DESRI and Meta sign PPAs for 850 MW clean capacity, covering 500MW in Oklahoma, 200MW in Texas, and 150MW in Mississippi — solar plus battery capacity — and taking Meta’s contracted capacity with DESRI to ~2,575MW across nine states. The signal here is that large AI and cloud buyers are still locking in multi-state portfolios at a pace that effectively shapes regional generation buildouts. For everyone else competing for power, these deals are also capacity reservations in all but name.
Ford launches Ford Energy BESS business for data centers, aiming to assemble systems in a repurposed Glendale, Kentucky facility and deploy at least 20GWh annually, with initial deliveries in late 2027 and ~$2 billion planned investment over two years.
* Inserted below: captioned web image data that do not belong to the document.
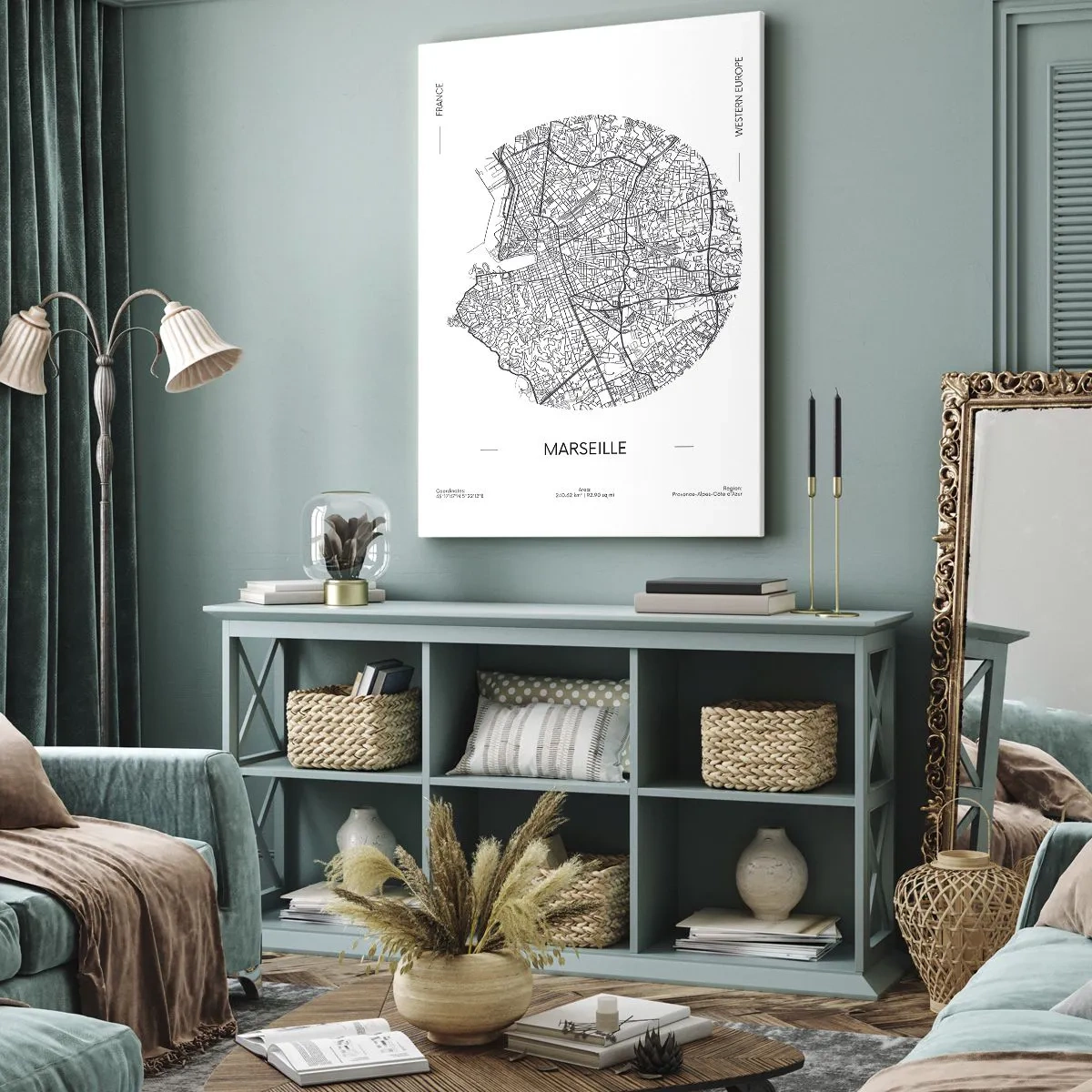 Canvas picture - Anatomy of Marseille - 65x120 cm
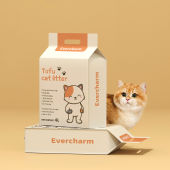 tofu Cat litter 6L cat litter Tofu cat litter Mixed cat litter Deodorant cat litter Bentonite cat litter Flushable
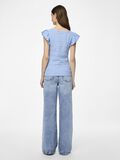 Pieces PCKELMA CAP SLEEVE TOP, Blue Bell, highres - 17150177_BlueBell_004.jpg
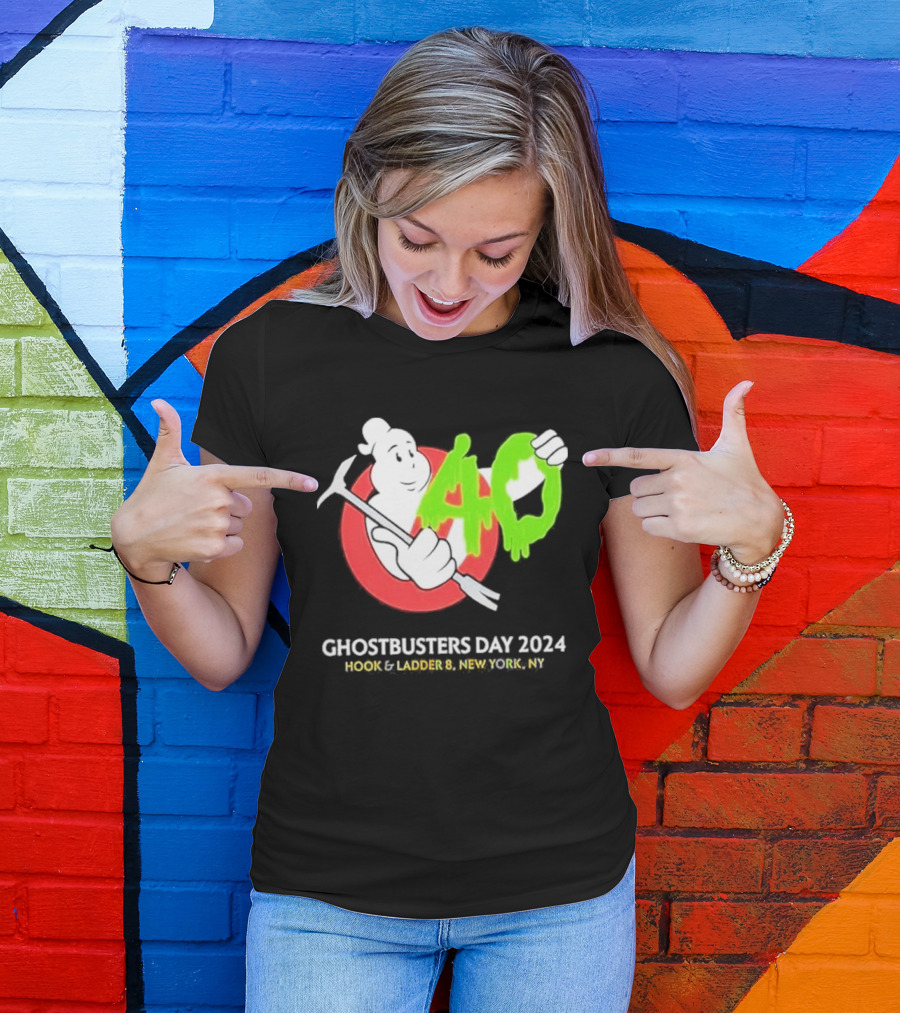 Ghostbusters Day 2024 40th Anniversary Hook Ladder 8 New York NY T-Shirt
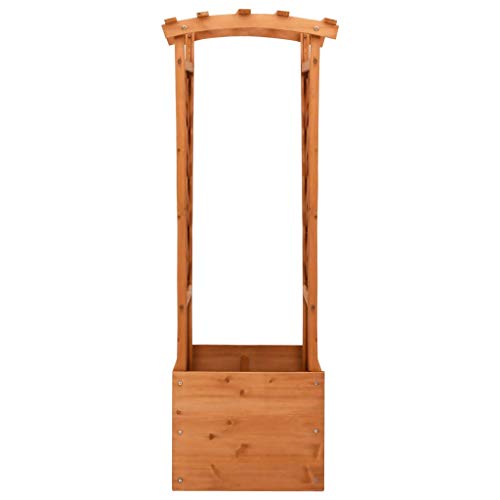 Vigleco Pflanzkasten mit Spalier 49x39x130 cm Tannenholz – Bild 3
If Ford executes, it’s a meaningful step toward industrial-scale battery supply geared specifically at the kinds of utility and large-load customers now driving interconnection and reliability headaches. It also hints at a future where “who can deliver storage at volume” becomes a competitive differentiator for data center site selection.
ERCOT warns AI-driven data center demand may be overstated, flagging that a big chunk of proposed non-crypto AI data center load may be “paper megawatts.” In its filing, ERCOT said statewide peak demand could approach ~368GW by 2032 in the top-line view, but it applied a 49.8% realization factor in some models and signaled it may adjust based on historical realization rates. The important tell: grid planners are now openly discounting speculative load — which could change how quickly (and for whom) transmission and generation investments get justified.
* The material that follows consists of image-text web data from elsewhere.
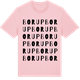 Pink Cotton t-shirt med Borup ordlek t-shirt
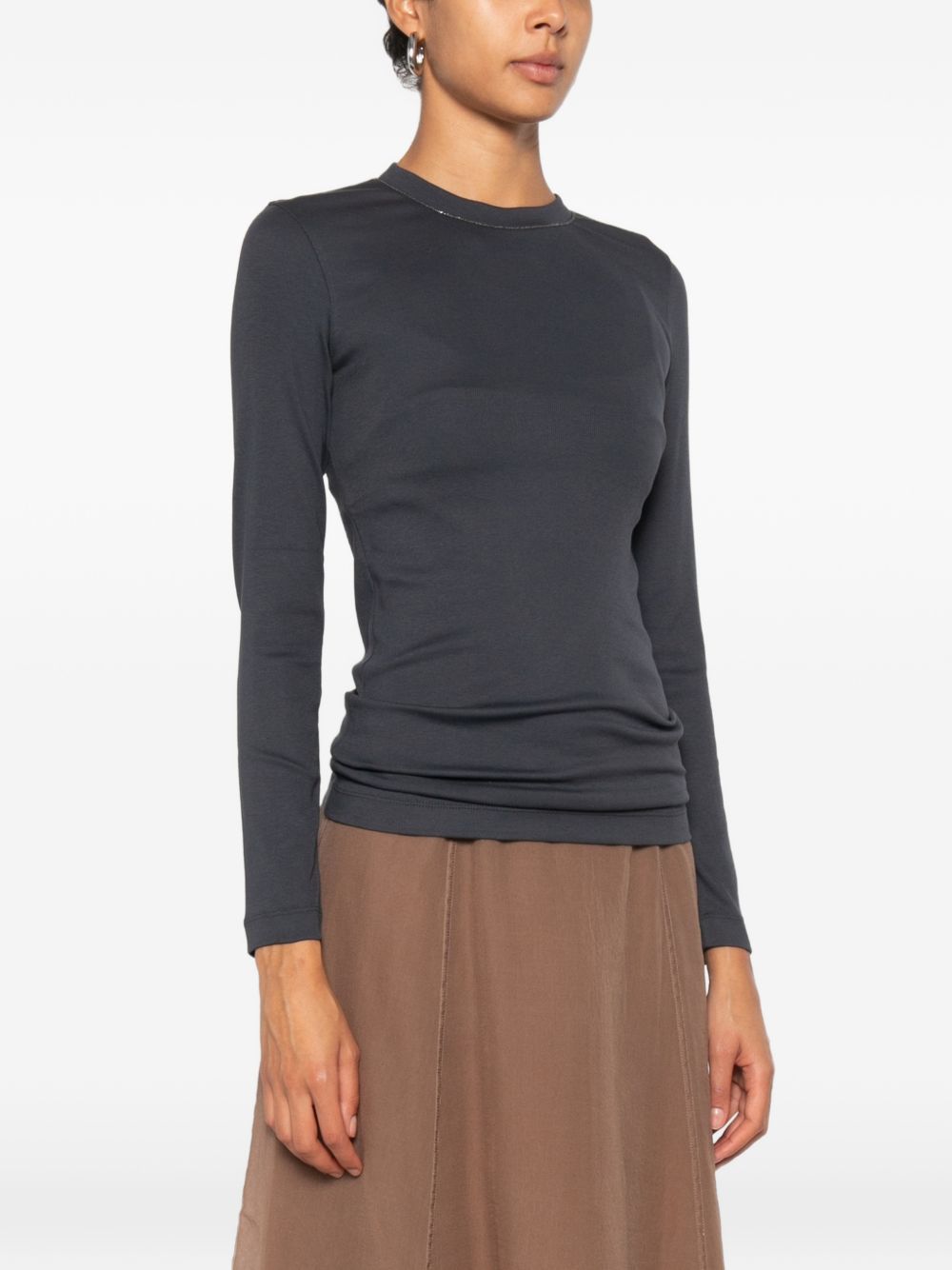 Brunello Cucinelli Women Cotton Crewneck Sweater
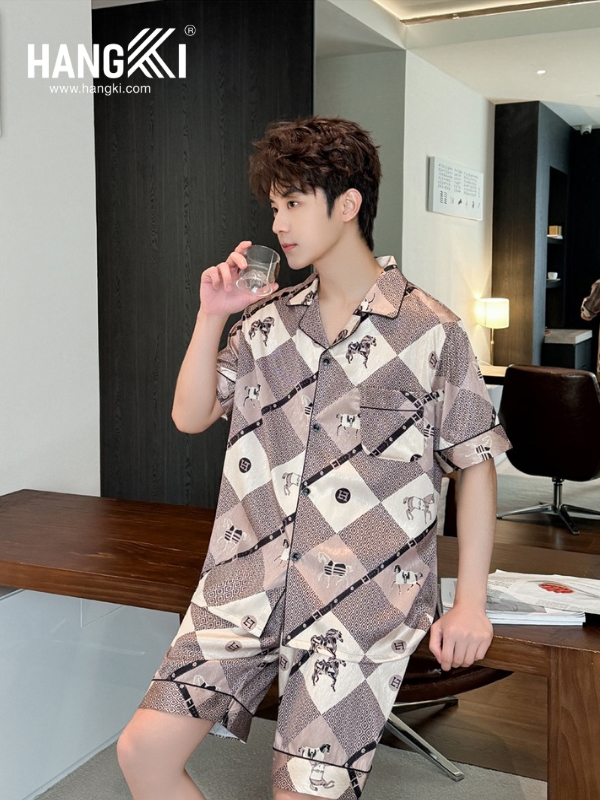 TN81 - Đồ Ngủ Pijama Nam Lụa Ngắn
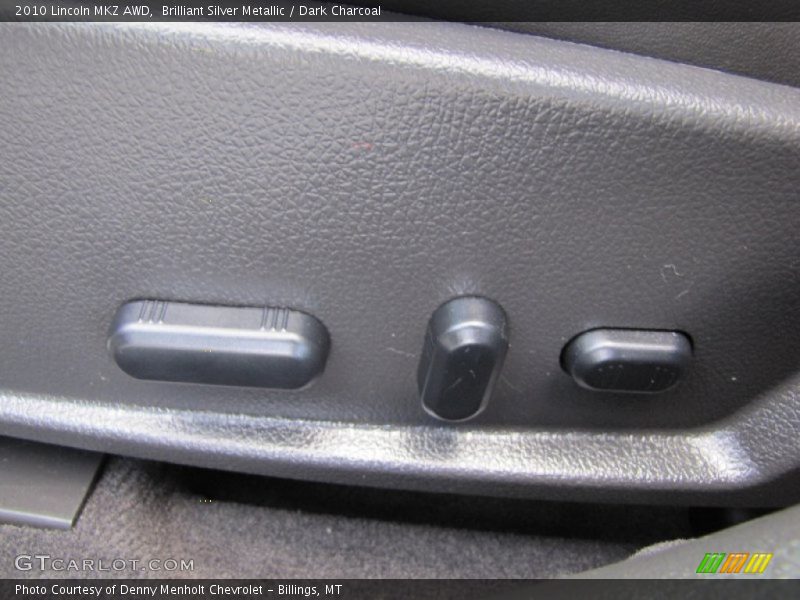Brilliant Silver Metallic / Dark Charcoal 2010 Lincoln MKZ AWD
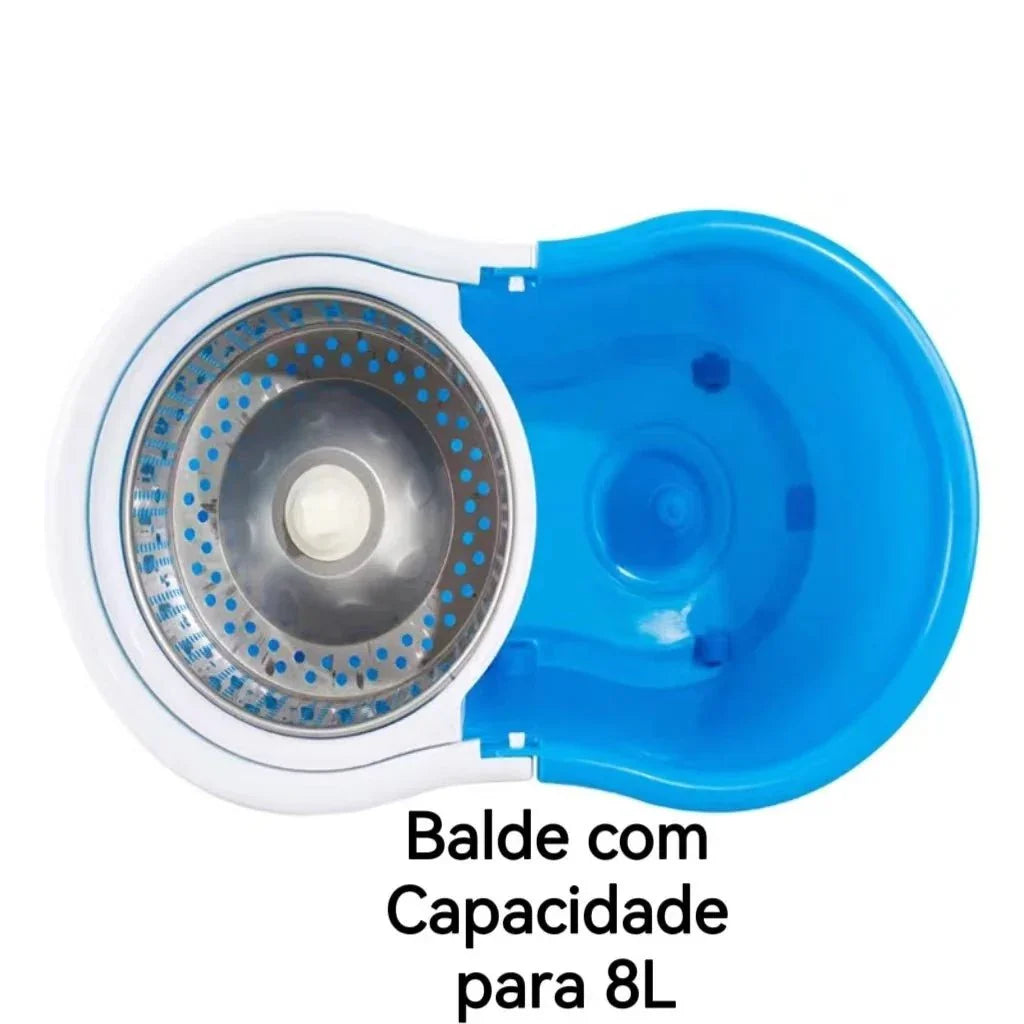 Mop Giratório C/ Balde de Aço Inox - Loja Relâmpago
NEMA forecasts U.S. electricity demand to surge 55% by 2050, projecting net consumption rising from 3,936 TWh in 2024 to 6,130 TWh by 2050. NEMA’s report also says data centers could grow 300% in the next 10 years and account for 38% of net consumption through 2037, alongside sharp growth in electric transportation demand. Put next to Michigan’s 1GW proposal and ERCOT’s “paper MW” warning, the takeaway is uncomfortable but clear: the macro trend is real, but the forecasting and timing are messy — and that mess will shape permitting, pricing, and who gets served first.
Behind the Headlines
Bank of England: Strengthening operational and cyber resilience is a quiet but consequential read for anyone selling cloud, colocation, or critical connectivity into regulated sectors. The Bank will run SIMEX and CORST this year using a shared scenario simulating a global cloud service provider disruption, and it’s pushing firms toward clearer risk frameworks and “impact tolerances,” plus participation in stress tests. For data center and cloud operators, this isn’t just compliance theatre: it’s a push to quantify what “resilience” actually means in operational terms, which can translate into procurement requirements, audit pressure, and a higher bar for incident transparency.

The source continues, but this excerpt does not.